I was at the playground the other day and heard a child telling another that they were a tattletale. This is one of those negative labels that adults pass on to children without thinking about the consequences. And I feel it’s one of the most harmful lessons we can teach our children.
We wouldn’t encourage our children to use the words stupid or jerk (or much worse terms), so why do we teach them that it’s okay to use words like tattletale and liar? I think it’s because we feel they are descriptive of actual flaws that we want to discourage~ mainly putting your nose in other people’s business and lying. But let’s forget the fact that adults shouldn’t be teaching children negative labels and names to call one another. There is something so much more insidious about the word tattletale.
It implies that you should only be concerned about things that affect you directly, everything else is another person’s business and you should stay out of it. The other message is that you should’t tell on other people. Essentially it’s okay to hide information.
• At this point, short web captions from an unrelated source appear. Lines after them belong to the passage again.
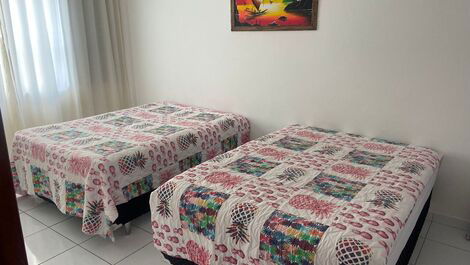 Quarto amplo com duas camas de casal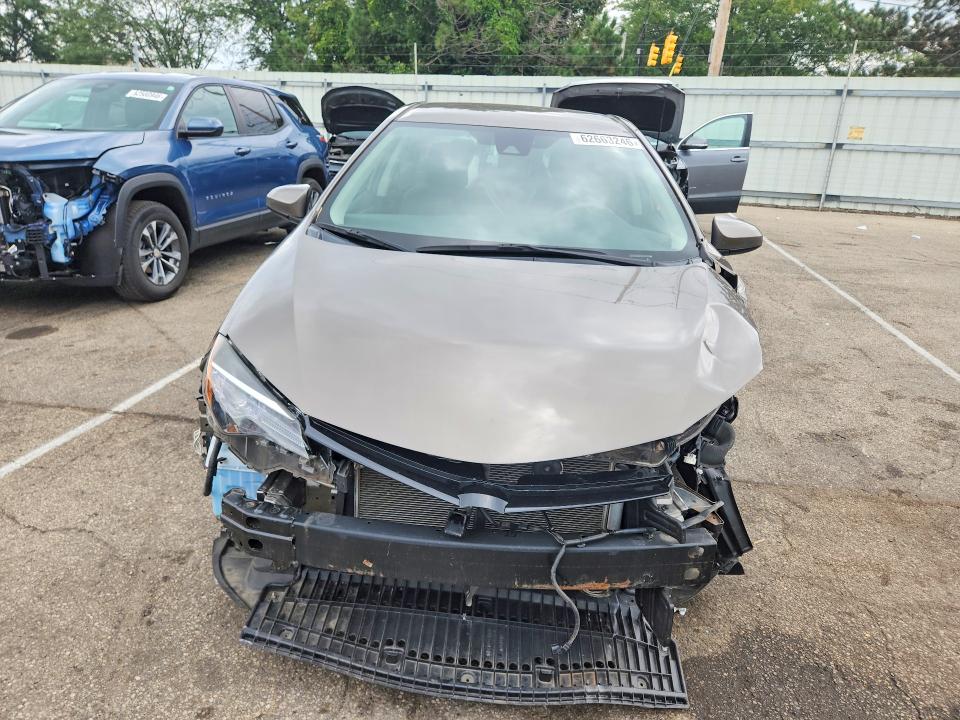 Продажа на аукционе авто 2018 Toyota Corolla, vin: 2T1BPRHE1JC000394, номер лота: 62663246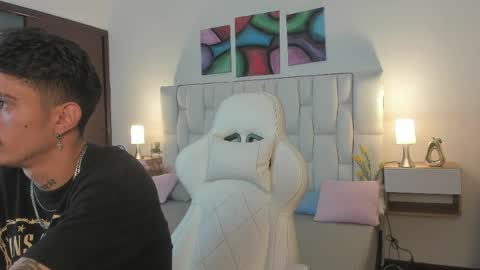 Yeison online show from April 12, 3:00 am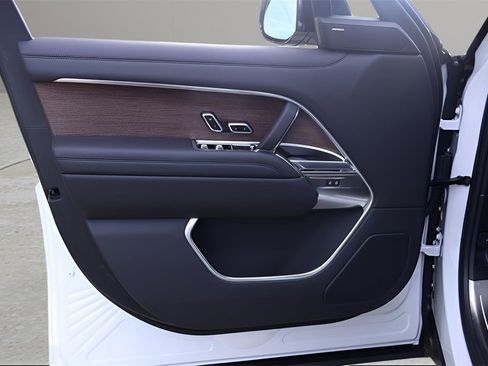 New 2025 Land Rover Range Rover SE image 11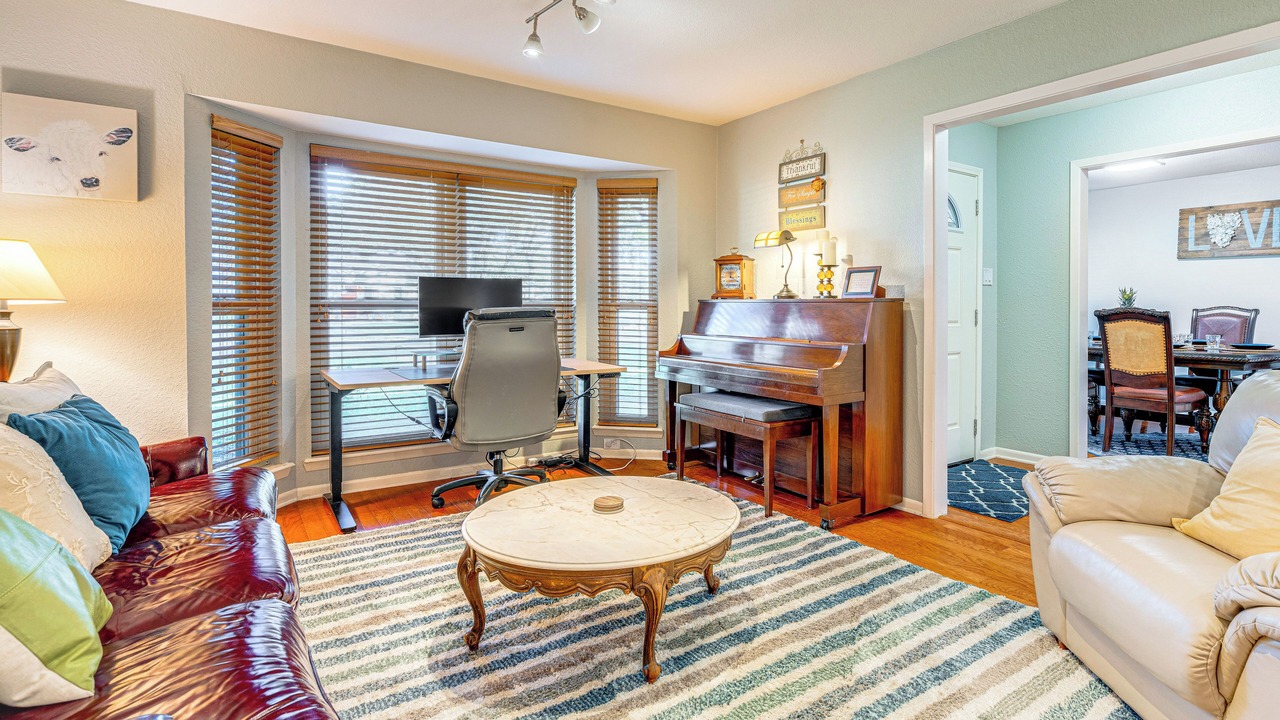 Photo of Livingroom in McNeil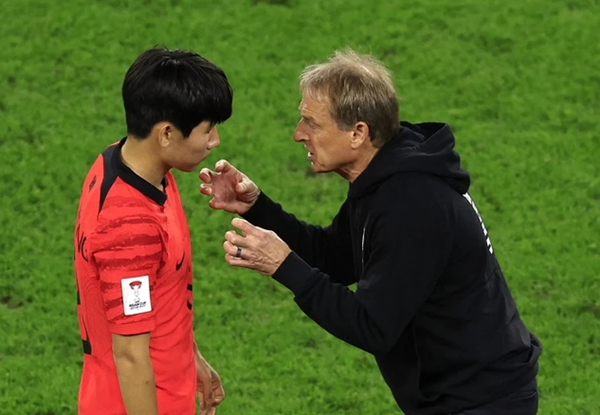 Star News chỉ trích HLV Klinsmann - Bóng Đá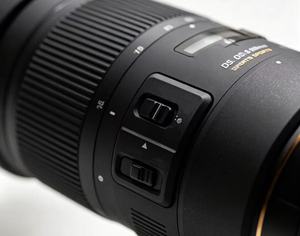เลนส์ซิกม่า 120-300 มม. f/2.8 DG OS HSM Sports สำหรับกล้องนิคอนเมาท์ F ฟูลเฟรม ซูมเทเลโฟโต้ รูรับแสงคงที่ F2.8 มือสอง - Product Image 3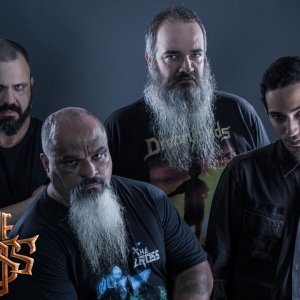 THE CROSS: “‘Still Falling’ é reviver 25 anos atrás e isto é muito bom!” – Entrevista para a Lucifer Rising Magazine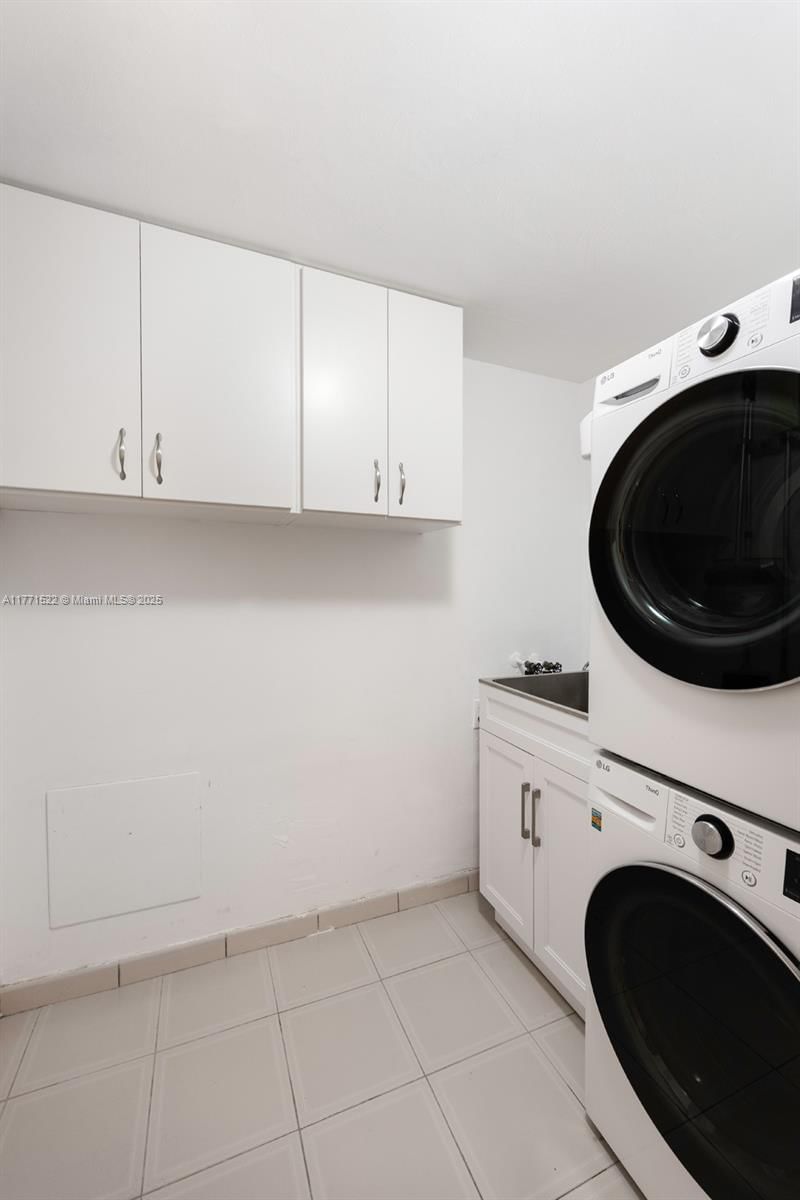 Real estate property located at 1915 Brickell Ave C408, Miami-dade, Brickell Place Phase Ii C, Miami, FL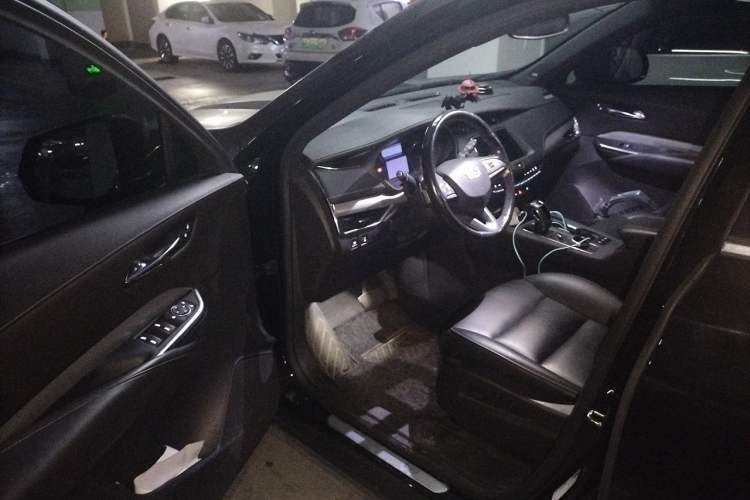 Used Cadillac XT4 2018 28T Two-Wheel-Drive Luxury Model Driver Seat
“It’s not my business” is a giant flaw in our society as a whole. Children, women and animals are mistreated and continue to be mistreated because people turn a blind eye. Society often chooses to be blind to pollution issues, addictions, metal illnesses, abuse, racism, gender equality, and this list goes on and on and on. I am trying to teach my child to be observant, and active, and involved. We all need to be breaking out of this harmful practice of isolation. Technology increasingly enables us to live a solitary existence under the mistaken belief that “internet connections” are the same as physical connection. I don’t want to raise a child that lives online and needn’t be concerned about or get involved with her immediate neighbours and community. We live in an amazing community simply because people are involved and care.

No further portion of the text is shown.